Nvidia used systems built on its Blackwell Ultra GPUs – and
with 14 partners, from OEMs like Dell Technologies and HPE to cloud services
providers such as Google Cloud – submitting results. The Nvidia-powered systems
delivered the highest token throughput in a range of workloads.

The company also noted speed improvements with the GB300
NVL72 v6.0 over v5.1, ranging from 1.21 times in the Llama 3.1 405B offline
benchmark to 2.77 times for DeepSeek-R1 server test.

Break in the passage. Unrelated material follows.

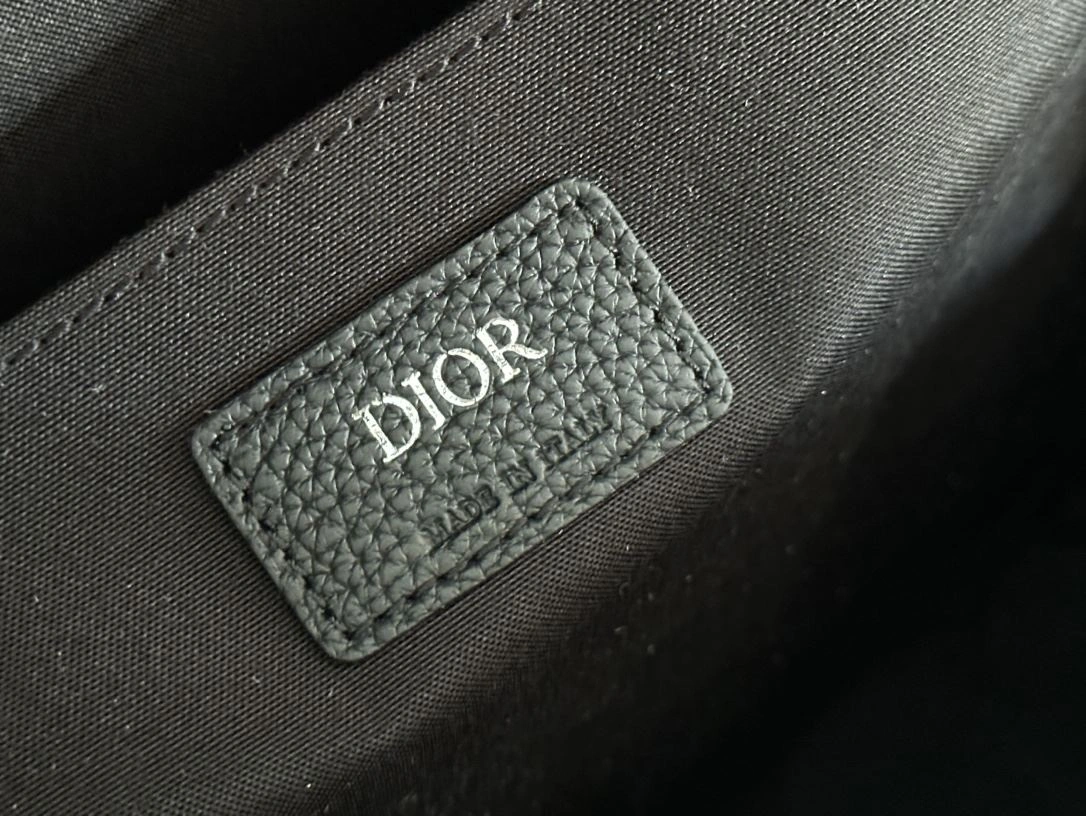 OnTrend Mens Christian Dior Backpacks 92102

“In just the past six months, we have been able to
nearly triple our performance on DeepSeek-R1, which is a very popular reasoning
model being used in quite a number of places,” Salvatore said, noting that such
performance improvements translate into reduced costs and better scale. “Being
able to perform at scale, it becomes hugely important in terms of thinking
about token cost, because in order to service that many users, you have to be
cranking out a whole lot of tokens. In order to do that, you have to do it in a
way that’s cost-effective.”
Nvidia’s work in software is key to the improved results,
Salvatore said. That includes both what Nvidia is doing in-house as well as its
embrace of open inference frameworks, like TLLM and SGLang.
Inside Nvidia, he pointed to Dynamo, the inference framework
that allows for disaggregated serving, which splits the prefill and decode
stages of inferencing among multiple GPUs to optimize resource utilization,
which drives down the cost of tokens. In the DeepSeek-R1 Interactive benchmark,
the Nvidia-powered system reached 250,634 tokens generated per second, which
brought down the cost to 30 cents per 1 million tokens generated.

He also stressed improvements in TensorRT-LLM, an open
library that accelerates LLM inferencing on its GPUs through such capabilities as
parallelism techniques and multi-token prediction, which enables language
models to learn to predict multiple future tokens simultaneously, rather than
just the next single token.
In CUDA, another optimization is kernel fusion, where Nvidia
is “able to take several kernels and bring them together to make one slightly
larger kernel, which can dramatically speed up all the work that all those
kernels would have done individually,” Salvatore said. “In a similar way, we
can sometimes overlap kernels, where before one kernel completes its work,
another one can kick its work off. And again, bringing them together a little
bit helps to speed up end-to-end processing time.”
Nvidia will always be first and foremost, known
for its big, powerful, and expensive GPUs. That said, executives will continue
to tout the co-design story, noting that ongoing software improvements and such
offerings as reference architectures and AI factory designs will enable those
chips and – despite their cost – make using them a cost advantage.